The front door was locked so she picked up a wooden scaffolding board and tried to smash the window of the room where Abdulraziq and her daughter were.

Abdulraziq was sentenced at Birmingham Crown Court on Friday

Her neighbour then climbed part-way through the window and saw the Sudanese with the girl.

He ‘swung’ a punch at the woman and shut the window – she fell back on to the street.

Two other men heard the noise and forced Abdulraziq’s door open before detaining him until police arrived.

Ms Maylin said the victim was a ‘little girl happily playing in the street’.
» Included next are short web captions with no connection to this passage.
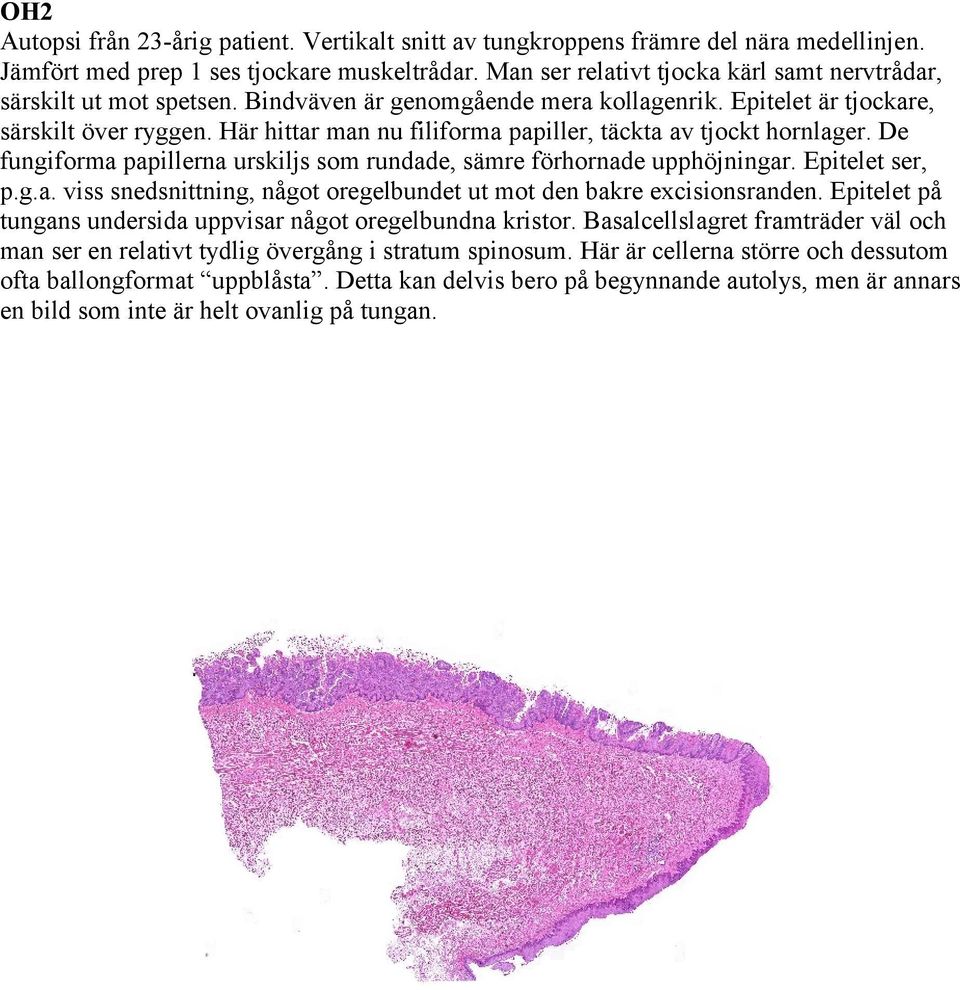 Här hittar man nu filiforma papiller, täckta av tjockt hornlager. De fungiforma papillerna urskiljs som rundade, sämre förhornade upphöjningar. Epitelet ser, p.g.a. viss snedsnittning, något oregelbundet ut mot den bakre excisionsranden.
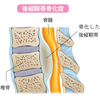 MRI撮影の診断結果を待つ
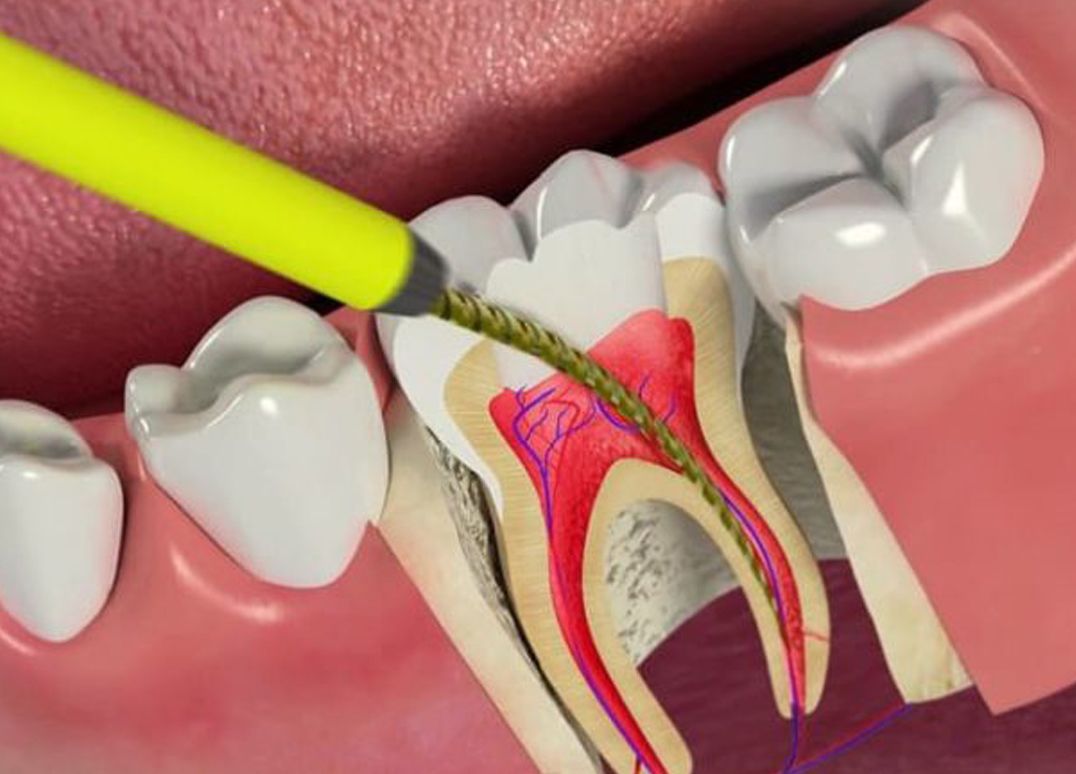 Лечение канала зуба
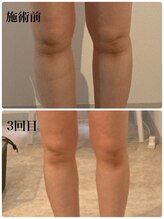 ティティー(tity)/下半身痩身モニター様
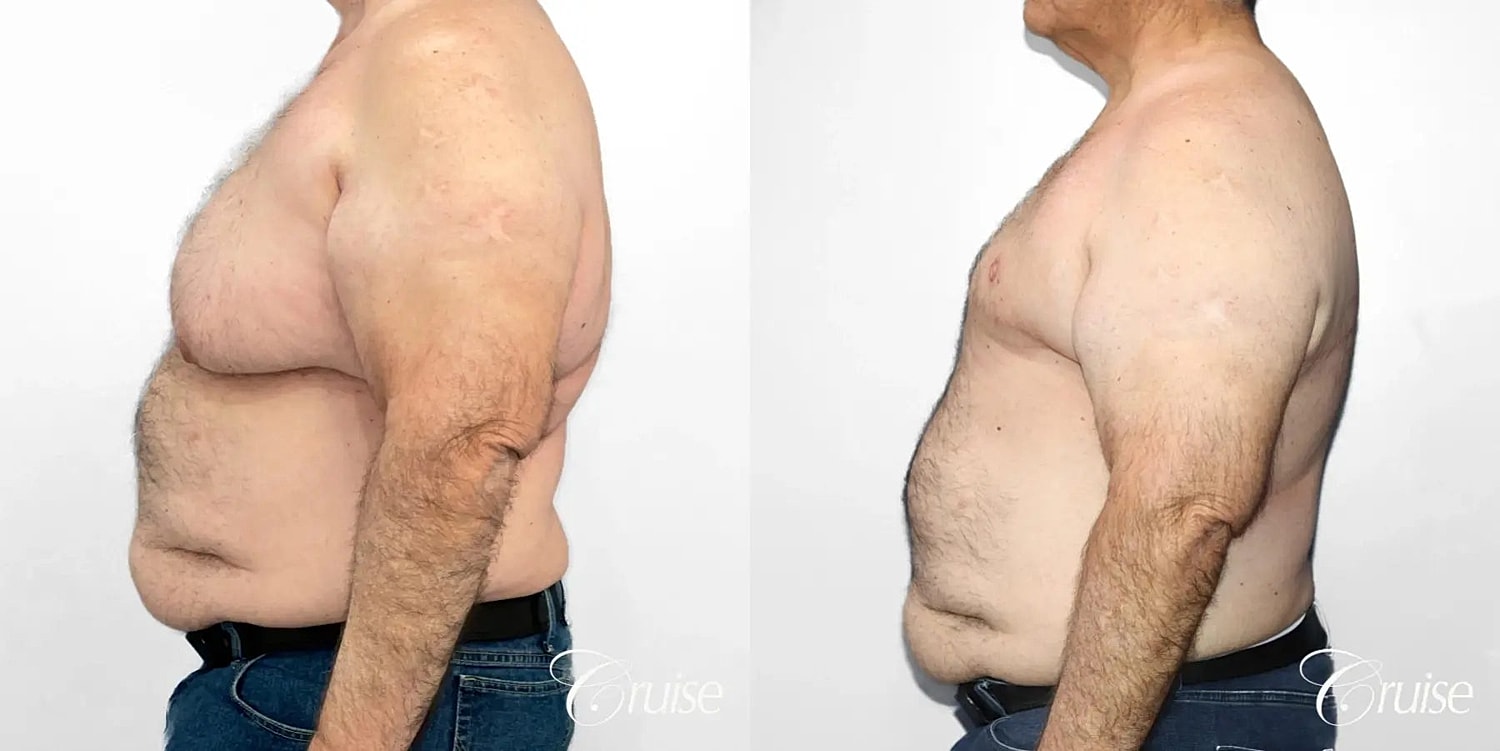 Gynecomastia Before & After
She added: ‘While you cannot be seen on the footage I am sure you encouraged the girl to enter your home and took her to your bedroom and the door was locked. It is perhaps fortunate that your room overlooked the street.

‘The mother and her friend, within a few seconds, realised that the girl was no longer visible from the road and they launched a frantic search for her. It must have been a horrific experience to bang on the door and window and see her daughter inside.

‘She even got a nearby scaffolding board to break the window and get to her daughter. Still you did not let the girl leave the room.’

The judge said when the neighbour climbed on to the windowsill ‘she could clearly see that you were bent over towards the victim near to the bed and your lower clothes were around your ankles, as were hers’.

In a victim impact statement the victim’s mother said she and her daughter suffered ‘trauma’, while the girl’s ‘cries of distress and helplessness’ would ‘haunt her forever’, the judge said.

The court was also told that the victim had gone from a ‘happy and confident little girl to one with complex behavioural needs’.

Detective Sergeant Nicky Simms, of West Midlands Police’s central complex child abuse investigation team, said: ‘Abdulraziq was a predatory individual who took a young girl off the street and into his house. Fortunately, incidents of this nature are rare.

‘I must praise the courage of the girl and her mother in what has been a very sensitive investigation.’

Ms Maylin extended the defendant’s licence by four years and said she was satisfied that Abdulraziq posed a risk to others of serious harm, particularly young children.

He had been due for sentencing in January but the hearing was postponed after the court heard the probation service had yet to assess him for ‘dangerousness’.